• Question: What are you most fasonated by?

    Asked by rider491 to Claire, Kate, Matt, Rob, Sam on 14 Jun 2013. This question was also asked by rhiannonwelham.
    • Photo: Sam Geen

      Sam Geen answered on 14 Jun 2013:


      Long answer (short answer at the bottom!): The fact that we exist at all is incredible and fascinating. Matter has to collapse into galaxies, then into dense clouds of gas and dust, then into stars like the Sun, which have to explode to make some of the elements that we need to exist, then into planets, all of which is stupidly complicated and which people still don’t understand properly. Then the planet has to be in the right conditions for life to form, which is even more stupidly complicated, and all of this takes billions of years. Trees begin to shoot up out of the ground, birds take flight, and eventually people build rockets and explore the solar system, or develop art and music and philosophy, or appreciate the beauty of the world. So the fact that intelligent life exists is really amazing. I was at a talk today where the speaker was talking about how people now think that water used to cover Mars. As she was talking it made me kind of sad that there are things I’ll never know in my lifetime – maybe I’ll never meet an alien, or see another planet for myself. But the fact that we know so much about the universe and have all these amazing pictures right on this planet, and that we even exist at all, is amazing and really special, and I’m grateful that I exist right now to see it all and be part of the scientific process that uncovers these secrets of the universe.

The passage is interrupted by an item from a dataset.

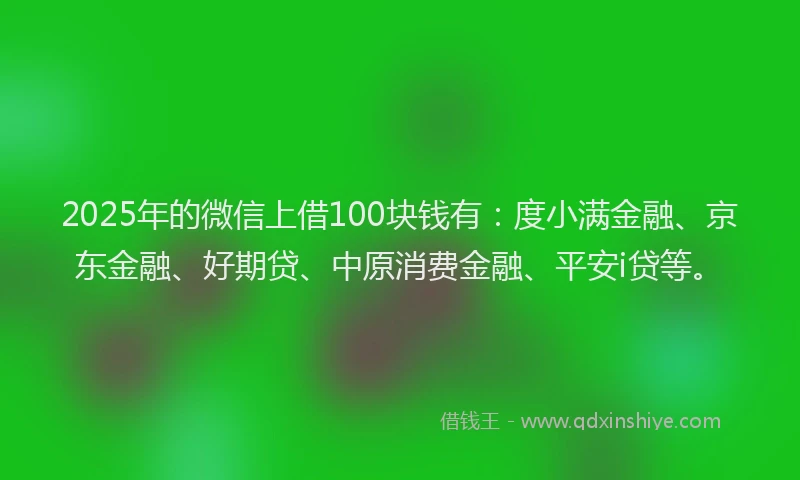 2025年的微信上借100块钱有：度小满金融、京东金融、好期贷、中原消费金融、平安i贷等。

      Short answer: I’m fascinated by everything in the universe.

    • Photo: Robert Woolfson

      Robert Woolfson answered on 15 Jun 2013:


      Life, the universe and everything. One of the reasons I became a scientist was that I was incredibly curious as a kid and science was a good place for me to put that to good use without getting myself in trouble. As I started to get more into science I got more and more fascinated by it. Now, I find pretty much all of science interesting.

    • Photo: Matthew Pankhurst

      Matthew Pankhurst answered on 15 Jun 2013:


      How variable the universe is, and how it’s full of contradictions. It’s so big, so complicated and yet so simple. It’s full of colour and shape and warmth and cold. It’s got nice bits to be in, it’s got awful places to be in. It’s changing all the time. And, if we ever understand it all, would that mean the universe would also exist inside our minds….?!

      Also, my 1 year old is pretty fascinating… I can’t understand how one little person can like yoghurt THAT much.

    • Photo: Claire Lee

      Claire Lee answered on 17 Jun 2013:


      I’ve been thinking about this for the whole weekend because I really wasn’t sure. There are a lot of things that fascinate me – how things work, why the universe is the way it is… Even how steam trains work! (My son is 3 and is obsessed with steam trains, and I just realised that I have no idea how to build one.)

      No seriously – despite working on the world’s biggest experiment, if somehow I was thrown back in time a couple of hundred years, I really don’t know how much I could contribute to change the world. I couldn’t build a computer from scratch – I doubt I could create electricity. I couldn’t even build a steam train that works! It’s amazing how much we take for granted. I gotta learn how to do these things, you know, just in case I’m sent back to 1600 or something.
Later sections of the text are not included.